Surviving Stark Adversity

"While we were searching for him early on, he might have been walking away from us. Usually, by the third day, you're lucky if you find someone alive. All the creeks are dry at the moment. That country out there is very unforgiving. There are snakes and wild pigs and dingoes. If you are weak and lying down, they will get you. We were all saying, 'We have to find him today. We have to find him today'."
William Morris, commander, local emergency services, Australian outback

Sam Woodhead, eighteen years of age, from Britain and temporarily in Australia, went out for a run. He was, after all, young and well-conditioned and a health fanatic. Living at Upshot Station, an isolated farming property, known for its harsh geology and dreadful heat. He was lost in the Australian Outback throughout three days of 40-degree-C temperatures.

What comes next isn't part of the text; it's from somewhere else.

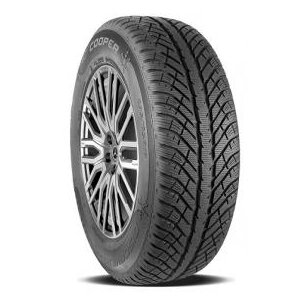 COOPER 215/55R18 99V DISCOVERER WINTER XL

He did what many a child has done living anywhere in North America in isolated communities; went for a run, with the intention of returning fairly expeditiously. Except for the fact that he was unable to distinguish identifiable environmental characteristics that would aid him in retracing his steps to return to the place where he'd set off.

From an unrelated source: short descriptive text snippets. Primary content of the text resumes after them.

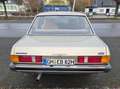 Ford Granada Limosine Złoty - thumbnail 8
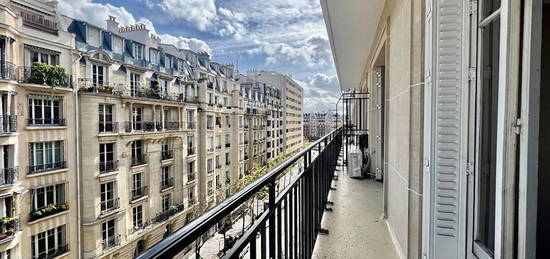 Appartement  à vendre, 2 pièces, 1 chambre, 57 m²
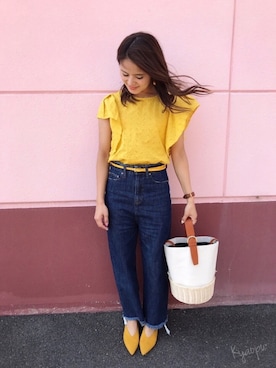 ♡るか♡さんのコーディネート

After his ordeal, wandering about roughly ten kilometres from the farm he set out from for a full ten days without food or water, he was understandably weak and dehydrated, and confused. Perhaps if he had been with someone else it might have helped; two minds are always better than one for devising strategies that might have aided survival.

He'd had a litre of water with him as he set out for his run and that lasted for his first hour out in that remote heated wilderness. He survived, his rescuers said, by drinking saline solution meant for his contact lenses. How much saline solution can he have had with him? If he'd been able to somehow snare a bird, a snake, a wild pig, he would have been able to survive. Fortunately for him he managed to survive anyway.

The excellent physical condition he was in before his trial is being attributed to his survival, though he lost quite a bit of weight. Ten days, however, isn't two months in the searing cold of the winter Andes where nothing lives to be snared and eaten in desperation. And while there was abundant frozen water there when a Uruguayan plane transporting 45 people, part of whom represented a youthful rugby team crashed, eating snow for rehydration cools core body temperature at a time when the body is urgently attempting to maintain it.

There was a roar of the engines and the plane vibrated as the Fairchild tried to climb again; it rose a little but then there came a deafening crash as the right wing hit the side of the mountain. Immediately it broke off, somersaulted over the fuselage, and cut off the tail. Out into the icy air fell the steward, the navigator ... followed by three of the boys still strapped to their seats. A moment later the left wing broke away and a blade of the propeller ripped into the fuselage before falling to the ground. 
Inside what remained of the fuselage there were screams of terror and cries for help. Without either wings or tail, the plane hurtled toward the jagged mountain, but instead of being smashed to pieces against a wall of rock it landed on its belly in a steep valley and slid like a toboggan on the sloping surface of deep snow.
The speed at which it hit the ground was around 200 knots, yet it did not disintegrate. Two more boys were sucked out the back of the plane; the rest remained in the fuselage as it careered down the mountain, but the force of deceleration caused the seats to break loose from their mountings and move forward, crushing the bodies of those caught between them and smashing the partition which separated the passenger cabin from the forward luggage area. While the freezing air of the Andes rushed into the decompressed cabin and those passengers who still had their wits about them waited for the impact of the fuselage against the rock, it was the metal and plastic of the seats which injured them.
Of the original 45 people aboard the plane en route to Chile for a rugby match, sixteen mostly teens survived. 72 days after the crash that took the lives of a quarter of the passengers, and a subsequent avalanche that smothered another eight to death, two of the survivors managed despite their feeble physical and mental condition, to clamber their way toward a green valley in Chile, out of the cordilleras where they had been imprisoned for over two months.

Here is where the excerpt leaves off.